King and Emperor by Harry Harrison. Chapter 1, 2

In the end, and after days of exhausting ceremonial, the two military leaders had lost patience and dismissed all their retinues of advisers and translators and chiefs of protocol. They sat now on a balcony overlooking the sea, a pitcher of resined wine between them. All serious issues were settled, the agreements at this moment being embodied by relays of scribes writing a massive treaty in multiple copies in gold and purple ink. The only possible check now could come from the religious leaders, who had retired to talk between themselves. And each had been given the strictest and grimmest of warnings by his earthly colleague and paymaster, to cause no trouble. For there were worse things that could happen to the Church, as the Imperator Bruno had said to his creature Pope John, than a misunderstanding over the exact nature of the Nicene Creed.

The emperors sat quietly, then, each with an ear cocked for the return of the churchmen, discussing their personal problems, as one ultimate ruler to another. It was perhaps the first time either had talked freely and frankly of such matters. They spoke in Latin, native to neither of them, but at least allowing them to communicate without intermediaries.

“We are alike in several ways, then,” mused the Emperor of the Greeks, the Basileus. The imperial name he had chosen, Basil I, showed a certain lack of imagination unsurprising in one with his history.

“Hoc ille,” agreed the Imperator of the West, Bruno Emperor of the Romans as he claimed, but in reality of the Franks, the Italians and most of all of the Germans. “That’s it. We are new men. Of course my family is old and distinguished. But I am not of the blood of Charlemagne.”

“Nor I of the house of Leo,” agreed the Basileus. “Tell me if I am wrong, but as I understand it there is none of the blood of Charlemagne left.”

Bruno nodded. “None in the male line. Some were killed by their own vassals, like King Charles the Bald, on account of their failures in battle. I had to take measures against others myself.”

“How many?” probed Basil.

“About ten. It was made easier for me in that they all seemed to have the same names. Lewis the Stammerer, Lewis the German. Three sons for each of them, and still with the same names, Charles and Lewis and Carloman. And some others of course. But it is not quite true that there is none of the blood of Charlemagne left. He has great-great-granddaughters left. One day, when all my tasks are done, I may ally myself with one.”

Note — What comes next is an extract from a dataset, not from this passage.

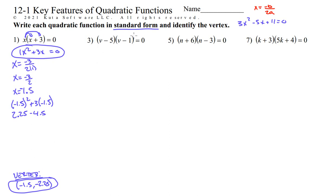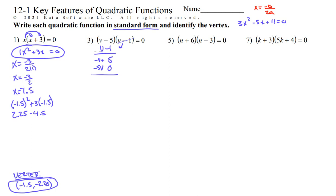Number 3 — we need to multiply these together. I like to stack one on top of the other. So I'm going to move the (v minus 1) over and multiply across. Negative 1 times negative 5 is 5. Negative 1 times v is negative v — that's a positive 5. Put a 0 to hold the spot. v times negative 5 is negative 5v and v times v is v squared. Add these up vertically: we get v squared. Negative 1v and negative 5v is negative 6v, then plus 5 equals 0. That is our standard form.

“So your position will be stronger.”

A yet fiercer look crossed Bruno’s craggy, rock-hewn face. He straightened up in his chair, reached behind him for the thing that never left him, that no negotiators could persuade him to abandon. The lance with the leaf-shaped blade, its plain head now shining once more with inlaid gold crosses, set on a shaft of ash-wood barely visible beneath gold and silver wire. His ape-like shoulders stretched as he swung it before him, thumped its shaft on the marble floor.

“No! My position could not be stronger in any way. For I am the holder of the Holy Lance, the lance with which the German centurion Longinus split the heart of our blessed Savior. He who holds it, he is the heir of Charlemagne, by more than blood. I took it in battle with the heathen, brought it back to Christendom.”

Reverently Bruno kissed the blade, laid the weapon down with tender care beside him. The bodyguards who had stiffened into readiness yards distant relaxed, smiled warily at each other.

The Basileus nodded, reflecting. He had learnt two things. That this strange count from the furthest extremity of the Franks believed his own fable. And that the stories they told of him were true. This man did not need a bodyguard, he was his own. How like the Franks to elect as their king the one the most formidable in single combat, not a strategos but a mere champion. And yet he might be a strategist too.

“And you,” probed Bruno in his turn. “You… put from his throne your predecessor, Michael the Drunkard, as he was called. I take it he has left no seed behind to grow rebellion.”